Graceful Shutdown stops accepting new requests (by removing the instance from the load balancer), waits for all currently processing requests to complete, and then safely shuts down.

Tomcat 9+ server.xml Graceful Shutdown Configuration

Tomcat's own Graceful Shutdown is configured in server.xml.

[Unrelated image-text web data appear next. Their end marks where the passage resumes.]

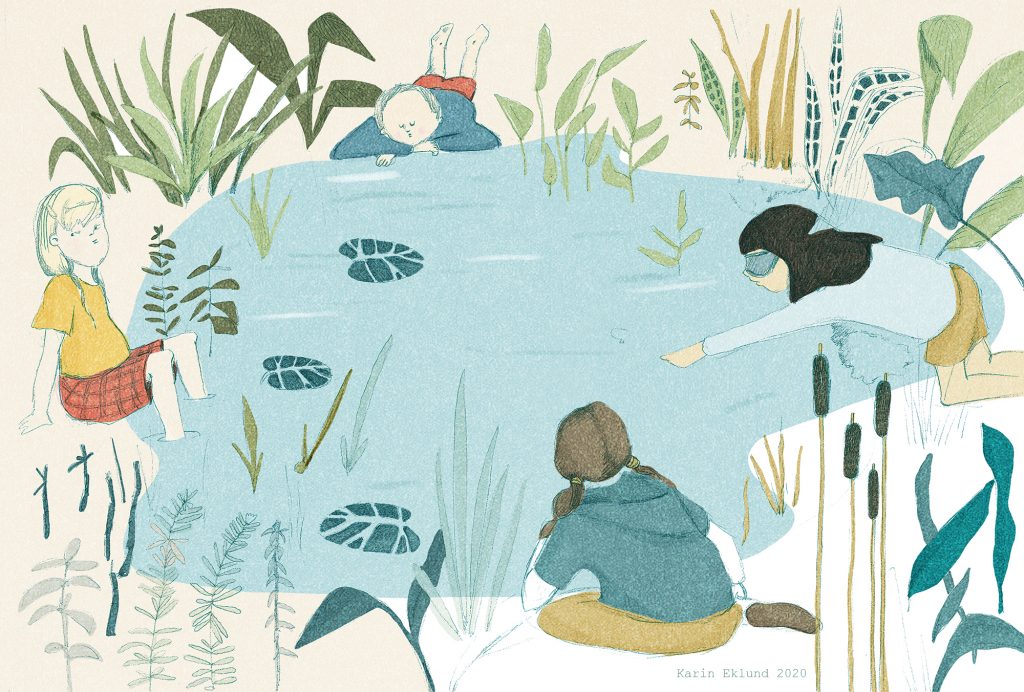 an illustration of children sitting around a pond surrounded by plants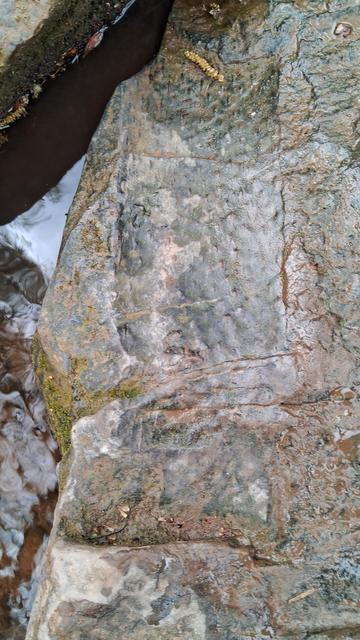 Close up of a rock. In the center, the texture changes to a smoother repeating pattern a little bit like the surface of a pineapple. Or fish scales. This texture is about 20cm wide and goes across the rock in a strait line of constant width.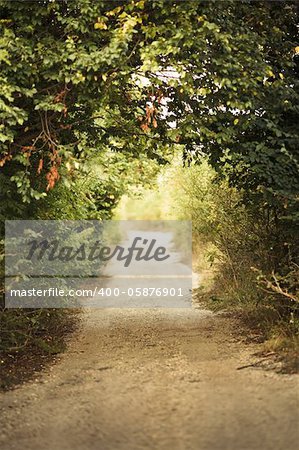 green alley with rural footpath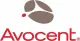 Vertiv Avocent 1 Year 12x5 Mnt/Silver DSView Standard Pack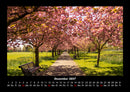 Bäume Fotokalender 2027 - 12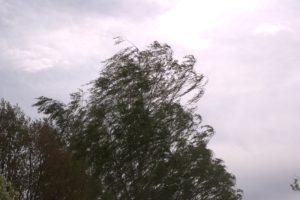 A_DSC08715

<!-- /opt/tomcat/conf/server.xml -->
<Server port="8005" shutdown="SHUTDOWN">

<!-- Connector configuration for Graceful Shutdown -->
<Connector port="8080"
protocol="HTTP/1.1"
connectionTimeout="20000"
redirectPort="8443"

<!-- Maximum requests per keep-alive connection -->
maxKeepAliveRequests="100"

<!-- Keep-Alive connection timeout (ms) -->
keepAliveTimeout="5000"

<!-- Maximum number of threads -->
maxThreads="200"

<!-- Minimum number of spare threads -->
minSpareThreads="10"

<!-- Connection accept count (queue backlog) -->
acceptCount="100"

<!-- Linger time when closing connections during Graceful Shutdown (ms) -->
connectionLinger="-1" />

<Engine name="Catalina" defaultHost="localhost">
<Host name="localhost" appBase="webapps"
unpackWARs="true" autoDeploy="false">
</Host>
</Engine>
</Server>

Tomcat receives a shutdown signal when the SHUTDOWN string is sent to the shutdown port (default 8005). However, this approach causes immediate termination, so implementing true Graceful Shutdown requires additional configuration and scripts.

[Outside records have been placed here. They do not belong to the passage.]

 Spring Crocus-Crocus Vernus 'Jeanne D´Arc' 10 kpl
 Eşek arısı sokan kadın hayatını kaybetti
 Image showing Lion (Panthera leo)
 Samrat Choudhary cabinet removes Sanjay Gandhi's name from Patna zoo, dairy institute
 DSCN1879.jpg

Connector-Level Connection Draining Configuration

Connection Draining is the process of waiting for existing connections to close naturally. When using the Tomcat NIO Connector, configure it as follows.

<!-- Connection Draining optimization with NIO Connector -->
<Connector port="8080"
protocol="org.apache.coyote.http11.Http11NioProtocol"
connectionTimeout="20000"
redirectPort="8443"
maxThreads="200"
minSpareThreads="10"

<!-- Shorten Keep-Alive timeout for faster draining -->
keepAliveTimeout="3000"

<!-- Maximum connections -->
maxConnections="1000"

<!-- Socket linger: -1 uses OS default -->
connectionLinger="-1"

<!-- Socket SO_TIMEOUT -->
soTimeout="60000" />

Connection Draining in the Shutdown Script

#!/bin/bash
# /opt/tomcat/bin/graceful-shutdown.sh

TOMCAT_HOME=/opt/tomcat
TOMCAT_PID_FILE=$TOMCAT_HOME/tomcat.pid
DRAIN_WAIT=30 # Connection draining wait time (seconds)
SHUTDOWN_TIMEOUT=60 # Maximum shutdown wait time (seconds)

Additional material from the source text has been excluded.